BAILA – Amon | KaiNê | DiLLA

(Dir. Amon de Oliveira)

Amon, deus egípcio (que tem o mesmo nome de um demônio da Goetia, mas isso não vem ao caso agora), significa, pelo idioma egípcio, <<o escondido>>. E é justamente o que o Amon do clipe, junto com KaiNê e DiLLa, não são. Desde o começo do vídeo, fica claro que eles vieram única e exclusivamente para se jogar em uma multidão jovem e dançante, afim de curtir os prazeres que uma noitada em algum ponto do Centro Histórico pode proporcionar a adolescentes ludovicenses – tudo isso embalado por um trap de rapazes héteros hedonistas da periferia. Tudo na linguagem do clipe, com cortes rápidos e efeitos de CapCut, associados a um tratamento relativamente escuro e fosco das imagens, contribui para essa sensação de “estou suado e cercado de gente, cheirando a cerveja, diamba e hormônios, e que se dane o amanhã – que será um sábado, inclusive”.  

Minotauro – Deep Hatred

(Dir. Rogério Sousa e Lourena Myrla)

Assistindo a Minotauro, me permito afirmar que esse death metal mais “polido”, mais preocupado com algum preciosismo nos arranjos, do Deep Hatred, é proporcional a certo cuidado com a forma final do produto clipe – o que pode parecer uma afirmação estranha para quem não está acostumado com uma música dessas ou com os códigos imagéticos daquilo que chamam de metal extremo. Mas estamos falando daquele lance: é muito mais fácil soar bobo fazendo poesia do que fazendo prosa. Da mesma forma, fazer metal, em termos audiovisuais, traz riscos de parecer caricato, “tosco”, principalmente para quem não consome esse nicho musical com familiaridade. Sendo assim, o clipe de Minotauro – dentro da proposta estética já anunciada e codificada com a logo da banda bem no começo do clipe* – é, na falta de um termo melhor, na medida. Consciente dos riscos estéticos, lida bem com eles, oferecendo-nos ótimos takes de uma breve narrativa slasher. Sem falar nos riffs do caralho e no impressionante vocal gutural da Selv Lopes.   

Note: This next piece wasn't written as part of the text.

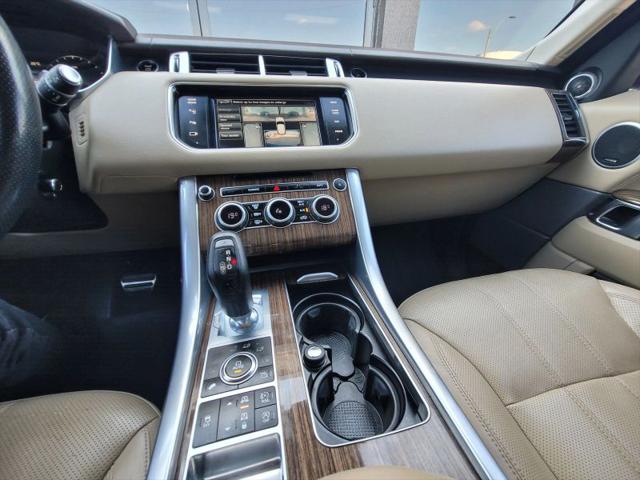 2014 Land Rover Range Rover Sport 5.0L V8 Supercharged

*Sempre que você não conseguir ler de primeira o nome de uma banda a partir do logo dela, as chances de ser uma banda de death metal são grandes. 

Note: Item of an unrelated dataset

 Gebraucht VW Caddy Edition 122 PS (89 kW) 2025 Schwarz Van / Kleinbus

Magia Negra – ENME feat. BIXARTE

(Dir. Enme Paixão)

O destaque mais evidente deste trap/funk é, lógico, a proposta maliciosa de subversão dos valores codificados ao termo “magia negra”. Subverte-se, pois esta magia é celebrada enquanto trabalho e energia da música preta e queer, que quer se ver como contagiante, fascinante, irresistível. Ao mesmo tempo, a proposta é tão maliciosa que talvez se permita algumas condescendências (como a sugestão de sortilégio e mandraquice que a presença de um defunto envolto em um saco evoca) e alguns desalinhos consideráveis, como se utilizar desta energia acima para evocar predisposições ao meretrício* (mas isso é um tipo de ruído que provavelmente, por alguma razão, pode fazer sentido ao público das artistas). Muitos até poderiam interpretar aquele cadáver como sendo símbolo de como a sociedade vê e trata corpos negros, estes mesmos corpos mostrados, acolhidos, revalorizados e, por fim, reanimados por aquela magia. É uma leitura que o clipe também permite, por que não? Esta é a força e a maldição da linguagem artística: frequentemente gera oxímoros, muitas vezes à revelia do autor de carne e osso… 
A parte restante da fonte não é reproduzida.